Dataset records

━━━━━━━━━━

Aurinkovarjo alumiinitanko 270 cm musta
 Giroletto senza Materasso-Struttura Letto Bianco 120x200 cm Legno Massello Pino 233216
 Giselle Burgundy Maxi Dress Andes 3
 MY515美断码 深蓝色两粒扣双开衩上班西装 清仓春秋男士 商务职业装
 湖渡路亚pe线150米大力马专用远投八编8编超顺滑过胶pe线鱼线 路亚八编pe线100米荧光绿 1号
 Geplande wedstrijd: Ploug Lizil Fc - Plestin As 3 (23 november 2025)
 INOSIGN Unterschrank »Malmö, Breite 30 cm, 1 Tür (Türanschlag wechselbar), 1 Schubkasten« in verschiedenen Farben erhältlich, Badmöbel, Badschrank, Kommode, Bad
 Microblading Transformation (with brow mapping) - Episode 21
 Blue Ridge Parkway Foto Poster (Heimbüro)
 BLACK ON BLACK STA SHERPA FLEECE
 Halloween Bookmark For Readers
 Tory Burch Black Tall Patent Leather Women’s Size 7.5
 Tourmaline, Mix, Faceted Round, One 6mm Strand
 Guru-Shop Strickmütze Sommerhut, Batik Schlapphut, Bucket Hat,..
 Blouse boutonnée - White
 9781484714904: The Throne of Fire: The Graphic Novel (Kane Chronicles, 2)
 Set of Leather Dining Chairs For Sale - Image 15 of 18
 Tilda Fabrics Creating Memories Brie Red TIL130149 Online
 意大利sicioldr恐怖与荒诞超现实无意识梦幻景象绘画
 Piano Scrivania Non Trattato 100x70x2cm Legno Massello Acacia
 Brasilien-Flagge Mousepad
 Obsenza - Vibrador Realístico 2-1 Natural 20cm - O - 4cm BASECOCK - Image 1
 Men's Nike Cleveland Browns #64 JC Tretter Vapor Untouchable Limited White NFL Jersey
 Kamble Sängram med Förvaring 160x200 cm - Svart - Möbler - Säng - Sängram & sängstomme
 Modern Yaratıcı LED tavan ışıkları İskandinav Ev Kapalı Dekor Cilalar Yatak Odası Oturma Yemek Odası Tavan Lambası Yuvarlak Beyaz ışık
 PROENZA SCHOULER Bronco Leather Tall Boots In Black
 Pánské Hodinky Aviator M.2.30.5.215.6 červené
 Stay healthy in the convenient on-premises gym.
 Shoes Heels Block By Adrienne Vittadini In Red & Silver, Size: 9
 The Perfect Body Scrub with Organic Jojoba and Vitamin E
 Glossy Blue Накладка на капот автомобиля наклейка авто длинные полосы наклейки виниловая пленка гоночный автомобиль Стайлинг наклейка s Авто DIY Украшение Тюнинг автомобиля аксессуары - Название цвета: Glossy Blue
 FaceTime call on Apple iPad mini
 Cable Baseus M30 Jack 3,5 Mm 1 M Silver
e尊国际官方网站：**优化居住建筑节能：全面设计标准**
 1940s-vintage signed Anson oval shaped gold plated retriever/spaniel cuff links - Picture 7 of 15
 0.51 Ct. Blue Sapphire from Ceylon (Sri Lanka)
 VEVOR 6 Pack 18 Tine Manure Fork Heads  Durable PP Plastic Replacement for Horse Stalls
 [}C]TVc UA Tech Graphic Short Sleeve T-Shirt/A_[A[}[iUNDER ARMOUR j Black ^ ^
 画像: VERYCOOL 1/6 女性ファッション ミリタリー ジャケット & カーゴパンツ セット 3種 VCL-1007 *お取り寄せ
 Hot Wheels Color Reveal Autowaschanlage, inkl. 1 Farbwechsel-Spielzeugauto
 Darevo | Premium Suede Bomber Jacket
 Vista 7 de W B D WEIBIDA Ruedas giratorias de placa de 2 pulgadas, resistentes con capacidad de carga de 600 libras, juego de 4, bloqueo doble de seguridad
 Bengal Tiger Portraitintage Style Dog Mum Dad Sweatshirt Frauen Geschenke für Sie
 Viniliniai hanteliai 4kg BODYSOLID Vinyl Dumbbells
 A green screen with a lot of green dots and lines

━━━━━━━━━━

== AIM OF THE EXERCISE ==
Retype the portion of the data above that starts on the line with "BLACK ON BLACK STA SHERPA FLEECE" and finishes on the line with "1940s-vintage signed Anson", including both of those lines.

== EXPECTED OUTPUT ==
 BLACK ON BLACK STA SHERPA FLEECE
 Halloween Bookmark For Readers
 Tory Burch Black Tall Patent Leather Women’s Size 7.5
 Tourmaline, Mix, Faceted Round, One 6mm Strand
 Guru-Shop Strickmütze Sommerhut, Batik Schlapphut, Bucket Hat,..
 Blouse boutonnée - White
 9781484714904: The Throne of Fire: The Graphic Novel (Kane Chronicles, 2)
 Set of Leather Dining Chairs For Sale - Image 15 of 18
 Tilda Fabrics Creating Memories Brie Red TIL130149 Online
 意大利sicioldr恐怖与荒诞超现实无意识梦幻景象绘画
 Piano Scrivania Non Trattato 100x70x2cm Legno Massello Acacia
 Brasilien-Flagge Mousepad
 Obsenza - Vibrador Realístico 2-1 Natural 20cm - O - 4cm BASECOCK - Image 1
 Men's Nike Cleveland Browns #64 JC Tretter Vapor Untouchable Limited White NFL Jersey
 Kamble Sängram med Förvaring 160x200 cm - Svart - Möbler - Säng - Sängram & sängstomme
 Modern Yaratıcı LED tavan ışıkları İskandinav Ev Kapalı Dekor Cilalar Yatak Odası Oturma Yemek Odası Tavan Lambası Yuvarlak Beyaz ışık
 PROENZA SCHOULER Bronco Leather Tall Boots In Black
 Pánské Hodinky Aviator M.2.30.5.215.6 červené
 Stay healthy in the convenient on-premises gym.
 Shoes Heels Block By Adrienne Vittadini In Red & Silver, Size: 9
 The Perfect Body Scrub with Organic Jojoba and Vitamin E
 Glossy Blue Накладка на капот автомобиля наклейка авто длинные полосы наклейки виниловая пленка гоночный автомобиль Стайлинг наклейка s Авто DIY Украшение Тюнинг автомобиля аксессуары - Название цвета: Glossy Blue
 FaceTime call on Apple iPad mini
 Cable Baseus M30 Jack 3,5 Mm 1 M Silver
e尊国际官方网站：**优化居住建筑节能：全面设计标准**
 1940s-vintage signed Anson oval shaped gold plated retriever/spaniel cuff links - Picture 7 of 15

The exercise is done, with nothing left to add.